In order to gather web documents it can be useful to download the portions of a website programmatically, mostly to save time and resources. The retrieval and download of documents within a website is often called web crawling or web spidering. This post describes practical ways to crawl websites and by working with sitemaps on the command-line. It contains all necessary code snippets to optimize link discovery and filtering.
Interest of sitemaps
A sitemap is a file that lists the visible or whitelisted URLs for a given site, the main goal being to reveal where machines can look for content. Web crawlers usually discover pages from links within the site and from other sites, following a series of rules and protocols. Sitemaps supplement this data to allow crawlers that support Sitemaps to pick up all URLs in the Sitemap and learn about those URLs using the associated metadata.
The sitemaps protocol primarily allows webmasters to inform search engines about pages on their sites that are available for crawling. Crawlers can use it to pick up all URLs in the sitemap and learn about those URLs using the associated metadata. Sitemaps follow the XML format, so each sitemap is or should be a valid XML file.
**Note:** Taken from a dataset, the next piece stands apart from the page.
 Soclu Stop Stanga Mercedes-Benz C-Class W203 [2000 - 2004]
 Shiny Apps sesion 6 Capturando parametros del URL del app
Sitemaps are particularly useful by large or complex websites since they are made so that machines can more intelligently crawl the site. This is particularly true if there is a chance to overlook some of the new or recently updated content, for example because some areas of the website are not available through the browsable interface, or when websites have a huge number of pages that are isolated or not well linked together.
About this tutorial
The following instructions use the command-line interface (CLI):
- For a primer please refer to this excellent step-by-step introduction to the CLI.
- For general information please refer to Comment Prompt (tutorial for Windows systems), How to use the Terminal command line in macOS, or An introduction to the Linux Terminal.
Straightforward download, listing and processing
The tool for web text extraction I am working on can process a list of URLs and find the main text along with useful metadata. Trafilatura is a Python package and command-line tool which seamlessly downloads, parses, and scrapes web page data: it can extract metadata, main body text and comments while preserving parts of the text formatting and page structure.
In addition, trafilatura includes support for multilingual and multinational sitemaps. For example, a site can target English language users through links like
http://www.example.com/en/… and German language users through
With its focus on straightforward, easy extraction, this tool can be used straight from the command-line. In all, trafilatura should make it much easier to list links from sitemaps and also download and process them if required. It is the recommended method to perform the task described here.
If this command sounds familiar you can install it directly with it:
pip3 install trafilatura. Otherwise please refer to the tutorial on installing the trafilatura tool.
- Links can be gathered straight from the homepage (using heuristics) or using a particular URL if it is already known
--listoption is useful to list URLs prior to processing
- Links discovery can start from an input file (-i) containing a list of sources which will then be processed in parallel
The following examples return lists of links. If
--list is absent the pages that have been found are directly retrieved, processed, and returned in the chosen output format (per default: TXT and standard output).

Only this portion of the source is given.